2.2. Data Preparation

Data and algorithms are both important and need to be processed to guarantee data availability while retaining as many data as possible to improve the prediction accuracy of the model.

First, the SHP format data from the forestry Secondary Resources Survey were extracted and converted to a CSV database file format, containing 114 factors and 1 target as unit accumulation. Then, the data were cleaned in various ways to identify the invalid factors, removing columns that were clearly unrelated to the experiment, columns that contained many textual descriptions, and columns that could not be quantified. Finally, the data were processed by Pandas to ensure that 95% of the data of any factor were not null, containing meaningless special symbols, garbled codes, etc. [26]. There are also treatments for some data values that exceed reasonable bounds, and the very few over-bound data were also kept so that the model would be more stable and the results would not fluctuate due to incorrect data. The final processed dataset from the Secondary Resources Survey in Lin’an contains 31 factors, including the land type, area, landform, elevation (m), gradient (degree), slope aspect, slope position, soil name, soil texture, soil-layer thickness (cm), humus-layer thickness, site-quality grade, land-management type, forest land-protection grade, traffic area, forest land-quality grade, undergrowth vegetation type, undergrowth vegetation height (m), undergrowth vegetation total coverage (%), forest category, forest belt length (m), forest belt width (m), number of rows, age, average diameter at breast height (cm), average height (m), canopy density or coverage, density, number of trees (plants) per mu, number of trees (plants), and the afforestation seedling age.

The satellite data were obtained from the geospatial network; the corresponding regional Landsat8 satellite strip data were found and downloaded, and the raster images were transformed to band values and extracted to a CSV file format using Arcgis 10.7 software (ESRI Inc., Redlands, CA, USA). Then, the data were processed for NULL values and validated for reasonableness, resulting in more than 110,000 data containing 6 optical factors and 2 infrared factors; the bands were B2, B3, B4, B5, B6, B7, B10, and B11.

Finally, the processed data from the Secondary Resources Survey in Lin’an and the Landsat8 satellite data were combined, and the FID of the data of the Secondary Resources Survey and the FID of the satellite data were used as the main keys to merge the two tables using an inner join.
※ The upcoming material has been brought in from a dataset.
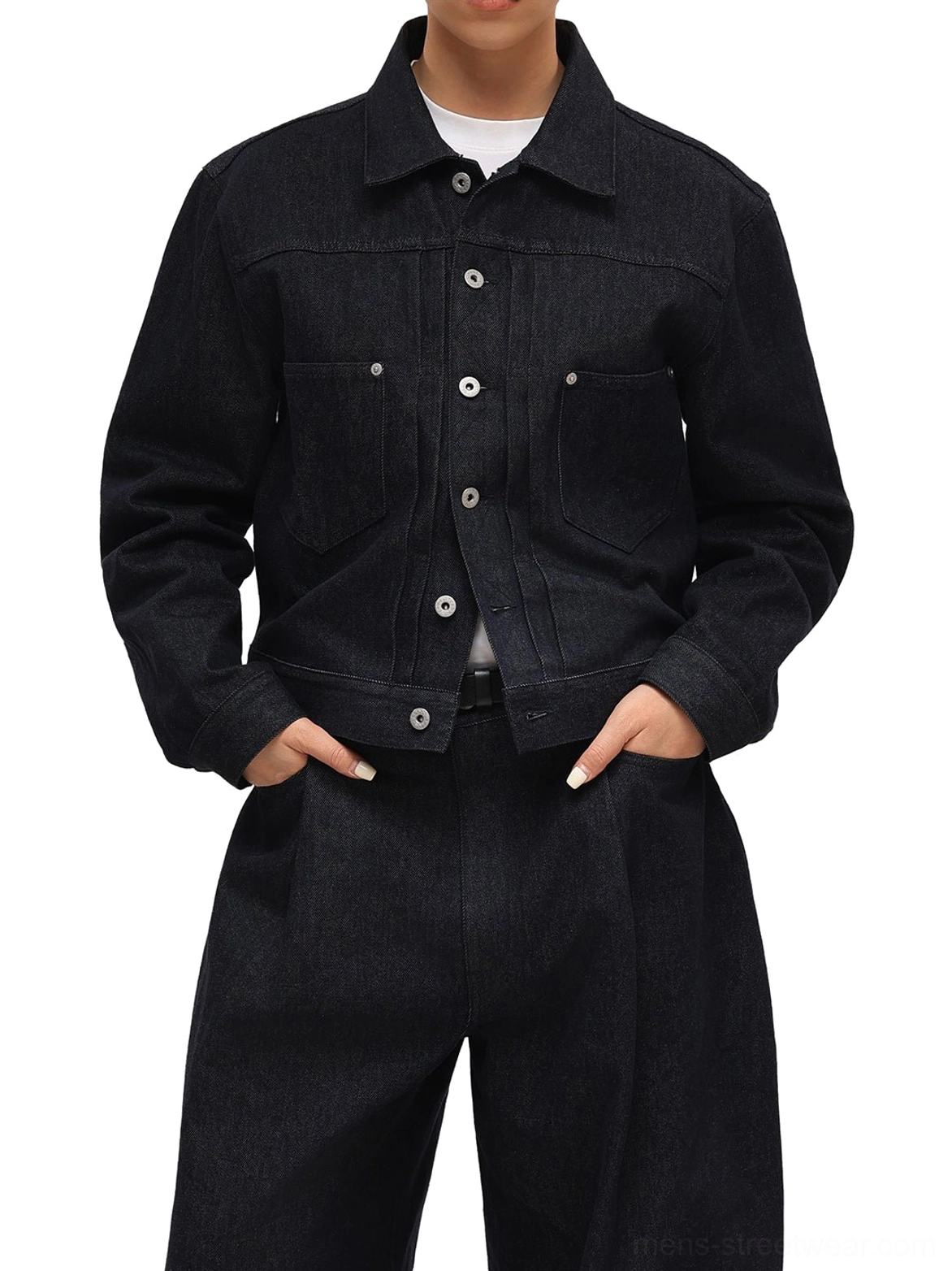 Front model view of dark indigo non-fade cropped denim jacket styled open over a white top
The operation was conducted in a Centos 7.9 and MySQL 5.7.36 environment, and the results represent are the final combined data. The final data specification before machine learning was performed on the combined data, which were processed to form the final dataset; this dataset included 39 factors and more than 100,000 rows of dataset.

2.3. Machine-Learning Training

After data pre-processing, we needed to select a suitable algorithm to train and learn the data. We attempted to pick a suitable algorithm from each of the three categories of traditional machine learning algorithms, integrated algorithms, and deep learning. We compared a total of five evaluation indicators, using R², MSE, RMSE, MAE, and SMAPE to filter out the most accurate algorithm to achieve growth-potential predictions based on machine learning.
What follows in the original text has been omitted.